26 Mayıs 2010 Çarşamba

30 YAŞIM



ıkındım, sıkındım "yaşlanıyorum" diye, sonuçta kimseye dinletemedim... dün itibariyle hayatımın otuzuncu yılını resmen sonlandırmış bulunuyorum. ne garip şey şu yaş algısı... (garip derken aslında çok normal tabii.)

daha dün, belki de hayatımda en çok iz bırakan insanla tanıştığımda, ben 18 yaşındaydım, oysa 30. gözümü açtım, kapadım, bir baktım ben 30 olmuşum. (yalan tabii, bir dolu şey yaşadım bu 12 yılda.) 18 yaşındaki bir insan bana şimdi nasıl bakıyor acaba?

küçükken 16 yaşında olmanın hayalini kurduğumu hayal meyal hatırlıyorum. sanırım dayımın oğlu 16 yaşındaydı bunu düşündüğüm zaman, onu mu erişilebilir bir yetişkinlikte görmüştüm de 16 yaşı kendime hedef seçmiştim acaba? belki de 16, benim o zamanki bakış açımdan hem genç, hem de yetişkin olduğundan arzulanası bir yaştı.

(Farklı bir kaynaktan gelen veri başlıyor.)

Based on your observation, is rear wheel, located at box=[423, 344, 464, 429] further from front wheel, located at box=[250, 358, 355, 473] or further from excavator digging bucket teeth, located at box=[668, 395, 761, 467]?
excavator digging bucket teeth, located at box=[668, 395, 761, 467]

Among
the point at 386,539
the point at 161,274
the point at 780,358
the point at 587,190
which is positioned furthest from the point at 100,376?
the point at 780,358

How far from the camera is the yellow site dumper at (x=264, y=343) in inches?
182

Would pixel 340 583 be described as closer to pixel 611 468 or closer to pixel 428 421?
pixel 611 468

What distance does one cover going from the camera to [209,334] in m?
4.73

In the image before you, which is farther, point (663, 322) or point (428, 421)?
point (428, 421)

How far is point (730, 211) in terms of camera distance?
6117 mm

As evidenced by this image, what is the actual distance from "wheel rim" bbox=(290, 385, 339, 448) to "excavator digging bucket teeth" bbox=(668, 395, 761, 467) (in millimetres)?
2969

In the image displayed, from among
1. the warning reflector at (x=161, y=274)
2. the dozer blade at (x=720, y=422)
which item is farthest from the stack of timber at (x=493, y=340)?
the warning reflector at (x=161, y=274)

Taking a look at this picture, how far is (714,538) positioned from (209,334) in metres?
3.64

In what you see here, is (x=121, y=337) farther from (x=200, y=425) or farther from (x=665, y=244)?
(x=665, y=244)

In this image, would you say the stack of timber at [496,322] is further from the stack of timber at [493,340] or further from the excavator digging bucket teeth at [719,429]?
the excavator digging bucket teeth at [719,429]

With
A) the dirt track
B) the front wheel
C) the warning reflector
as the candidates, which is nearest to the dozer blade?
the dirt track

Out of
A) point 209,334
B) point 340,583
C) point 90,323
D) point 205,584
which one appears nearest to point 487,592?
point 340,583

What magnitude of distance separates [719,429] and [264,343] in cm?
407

ben doğduğumda babam 27, annemse 29 yaşındaydı. o zaman onlar yetişkin, bense onların çocuğuydum. şimdi onların annem-babam olduğu yaşı geçtim; onlar hala annem-babam, bense onların çocuğu... babam hala arada telefonda portakal ye, c vitamini sağlığını korur diyor. adaletin bu mu dünya?

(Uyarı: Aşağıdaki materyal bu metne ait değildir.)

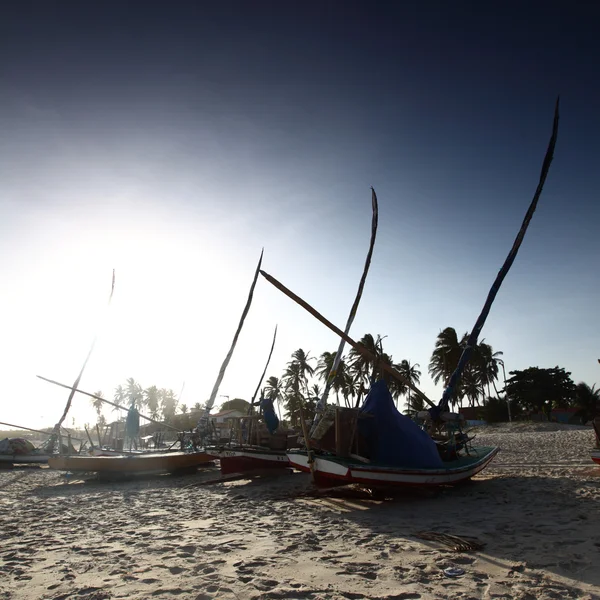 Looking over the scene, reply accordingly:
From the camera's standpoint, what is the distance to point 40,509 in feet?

almanya'ya göçtüğümde 24 yaşındaydım, ne kadar zaman geçmiş üstünden... oysa bana bir yandan sanki dünmüş gibi geliyor, diğer yandan sanki almanya'daki yaşantımın bir geçmişi yokmuş, herşeyin başında almanya'ya geldiğim gün varmış, ya da hatta o gün de hiç varolmamış, ben sanki hep burada bu yaşamı sürmüşüm gibi geliyor.

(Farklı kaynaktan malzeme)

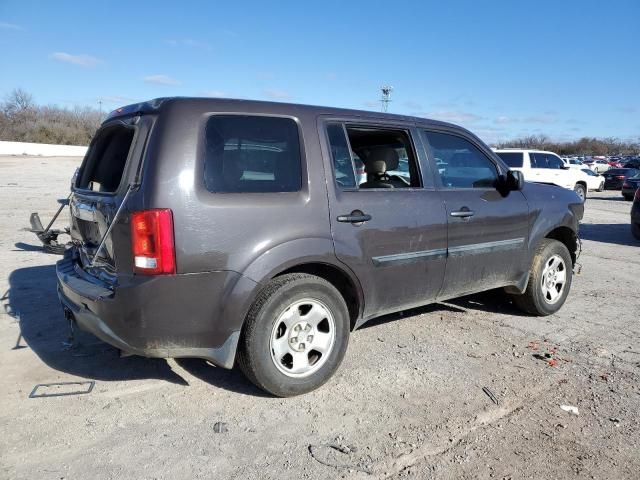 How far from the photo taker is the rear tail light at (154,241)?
288 cm

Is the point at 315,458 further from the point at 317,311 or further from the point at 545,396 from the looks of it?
the point at 545,396

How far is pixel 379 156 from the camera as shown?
171 inches

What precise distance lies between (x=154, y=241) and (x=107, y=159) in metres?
1.05

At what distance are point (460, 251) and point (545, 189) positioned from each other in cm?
153

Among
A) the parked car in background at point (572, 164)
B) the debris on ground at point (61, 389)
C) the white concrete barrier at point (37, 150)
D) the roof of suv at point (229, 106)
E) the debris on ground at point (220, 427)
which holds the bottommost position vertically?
the debris on ground at point (220, 427)

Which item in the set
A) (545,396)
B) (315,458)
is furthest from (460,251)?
(315,458)

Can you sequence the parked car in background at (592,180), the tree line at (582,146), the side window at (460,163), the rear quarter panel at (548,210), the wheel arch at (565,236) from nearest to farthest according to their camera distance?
the side window at (460,163)
the rear quarter panel at (548,210)
the wheel arch at (565,236)
the parked car in background at (592,180)
the tree line at (582,146)

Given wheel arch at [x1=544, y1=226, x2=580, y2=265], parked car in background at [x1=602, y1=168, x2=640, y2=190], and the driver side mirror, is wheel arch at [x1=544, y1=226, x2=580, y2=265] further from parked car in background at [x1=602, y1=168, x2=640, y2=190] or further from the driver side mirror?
parked car in background at [x1=602, y1=168, x2=640, y2=190]

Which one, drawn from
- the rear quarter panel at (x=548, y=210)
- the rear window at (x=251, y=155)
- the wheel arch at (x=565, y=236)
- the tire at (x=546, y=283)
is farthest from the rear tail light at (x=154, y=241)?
the wheel arch at (x=565, y=236)

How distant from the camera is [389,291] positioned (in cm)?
389

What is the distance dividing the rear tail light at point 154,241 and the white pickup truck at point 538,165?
16.4 meters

ben yine 30 yaşında bir şekilde yırtıyorum da "yaşlı olmak"tan, şaka maka haydut iyice yaşlandı, ekim ayında 9 yaşını bitirecek. demek ki o hayatıma girdiğinde 21 yaşındaymışım...

PS annemden itiraz geldi, düzelteyim: ben doğduğumda annem "hala 28 yaşında"ydı...

2 yorum:

Gand dedi ki...

yaşlı olmak dedkleri şey, ömrümüzün kısıtlı olduğunu habire haatırlatıp insanlara 30'undan sonra yaşlı hissettirerek bir an önce düzenli, güvenli bir hayata geçmelerini sağlamak için sıkıştırmak amacıyla yapılan bir şey gibi geliyor.
adına ne denirse densin aslında insanın bünyesi hissettiğini, deneyimlediğini yaşıyor. yaş ilerledikçe alışkanlıklar değişiyor, belki beden biraz yavaşlıyor. ama bunun dışında yaşlanmanın bir anlamı yok. yaş ilerledi diye insanın sevdiği bir şeylerden vazgeçmesi, toplumun o yaşa münasip gördüğü davranış ya da yaşam biçimlerini sergilemesi gerekmiyor.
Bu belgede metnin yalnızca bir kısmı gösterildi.